The Hearing Examiner ignored basic ecological considerations, as did the DPD and the Seattle School District. Groves of trees, particularly groves with conifers are not common in Seattle. The particular association at Ingraham of conifers and madrone trees is an uncommon plant habitat in Seattle. The Hearing Examiner in her previous decision agreed with this. There are only about 52 acres total ofconifer madrone forest in all of Seattle, mostly at Seward Park. While there are scatterings of Douglas fir and madrone trees here and there in Seattle what is unique about Ingraham is that it is a 1.2 acre site and a grove of some 130 trees rather than just a few trees.
The diversity of plants and animals in a grove is directly correlated with patch or grove size size. The larger the patch size, the more diversity of plants and animals. Because all of Seattle has been logged over, except for some 50 acres of old growth at Schmidt's Park, the Ingraham Grove represents some of the oldest trees in Seattle. This older growth and uncommon plant habitat should be saved. City environmental law gives a priority for doing this. Yet at Ingraham High School, given the viable option of saving the grove in it's entirety because alternative sites exist, the Seattle Hearing Examiner has chosen not to.
Unfortunately the so called Emerald City of Seattle has a policy that we will save trees unless they prevent the development potential of a site. When this was mentioned by an employee of Seattle's Department of Planning and Development at a recent urban forest symposium on saving trees, thewhole room broke out in spontaneous laughter. Yes it was said seriously but it is a joke obviously when the absurdity of the policy sinks in.

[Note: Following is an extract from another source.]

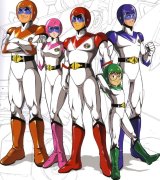 BUY NEW voltron - 87759 Premium Anime Print Poster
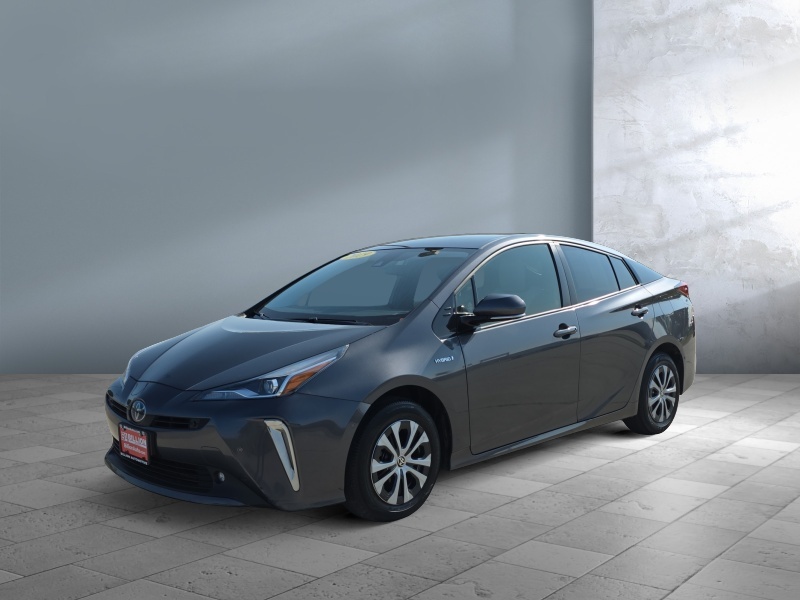 2019 Toyota Prius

Unfortunately the consequence is not a joke. Seattle continues to lose trees, especially during development. Exceptional trees basically have no protection at any time because the whole process is complaint driven. By the time you hear the chainsaw, it is too late to stop a tree from being cut down. So DPD's proposal is that since the current system doesn't save trees, let's scrap the law mandating protection for old trees in the city altogether. It's like BP after they weren't able to initially stop the oil flow in the Gulf saying, well this didn't work so lets just stop trying.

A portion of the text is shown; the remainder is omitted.